The way the fog rolls in off the ocean during the summer evenings just as the light begins to fade is the same way the fog rolled in today, but it started around 1 or 2pm instead, a telltale sign of a brisk night to come. Soft tufts of gray moved low and fast overhead thanks to a chilly breeze, and they gave way to the rays only when they had to. I don’t think the day made it much past 60 at its warmest, likely hovering in the high 50s for the majority.
When I lived in Michigan and Connecticut, I would often make the mistake of equating sunshine with warmth. I did the same thing today. I stepped out in a tank, cardigan, jeans and flip-flops, then was too lazy to go back inside to change when I realized I’d made the wrong choice.
The atmosphere’s indecisiveness last evening had left my car a mess, its silver paint speckled like a cheetah with charcoal spots. Had it actually decided to rain in a more steady manner, the shower might’ve been a decent stand-in for a carwash. But, alas, it didn’t.
I arrived at the carwash and the same guy who’s usually there saw me pull up. He wrote my ticket then handed it to me as I exited the car, not needing to ask me what wash and scent I wanted. We’re cool like that.

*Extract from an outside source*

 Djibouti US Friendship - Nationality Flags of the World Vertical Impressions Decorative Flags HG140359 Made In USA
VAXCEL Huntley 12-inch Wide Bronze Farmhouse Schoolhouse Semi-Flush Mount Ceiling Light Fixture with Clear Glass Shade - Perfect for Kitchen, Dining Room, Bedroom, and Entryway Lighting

Another guy, a relative of ticket-writer-guy, was inside at the register. I passed a pot of coffee that seemed freshly brewed, paid for the wash and he handed me my claim ticket.
The coffee beckoned.
I asked him if I could pay for a small coffee right then, or if I should pour it, then bring it back to pay. He indicated the latter. My frozen toes and I shuffled over to it, poured the most gigantic small coffee I’d ever seen in my life, and we made our way back to the register.
I placed the coffee on the counter and began searching for some money; he picked up the cup then moved it to the far end. I figured I must have been at the wrong, not-for-food-purchases register or something.

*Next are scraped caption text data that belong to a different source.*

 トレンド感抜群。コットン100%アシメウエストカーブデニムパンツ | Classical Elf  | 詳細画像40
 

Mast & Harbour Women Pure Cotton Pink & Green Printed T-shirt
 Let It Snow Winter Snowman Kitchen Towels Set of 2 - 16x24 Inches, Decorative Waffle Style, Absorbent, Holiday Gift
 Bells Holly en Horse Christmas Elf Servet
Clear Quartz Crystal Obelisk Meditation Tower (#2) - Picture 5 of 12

“Oh, my bad,” I said, and moved down to where he had placed it, continuing to rummage in my purse for a couple of dollars.
“No,” he said, waving his hand gently.
I looked up at him. “No?” I repeated.
“You don’t need to pay,” he explained.
“What? Why?” I asked.
“It is cold outside. And it is only coffee. Please, no money.”
To say that his kindness warmed me more than the coffee had yet been able to sounds corny beyond belief, but it was such a small act of thoughtfulness that — as I sat outside, cradling the toasty cup and watching the fog race by overhead — I wondered what other everyday things we could easily make extraordinary by gifting them to others.
Today I am thankful for the reminder that kindness can live in the smallest, most unexpected of places. While it’s only coffee to one, it’s so much more to another.
Who will you be coffee for tomorrow?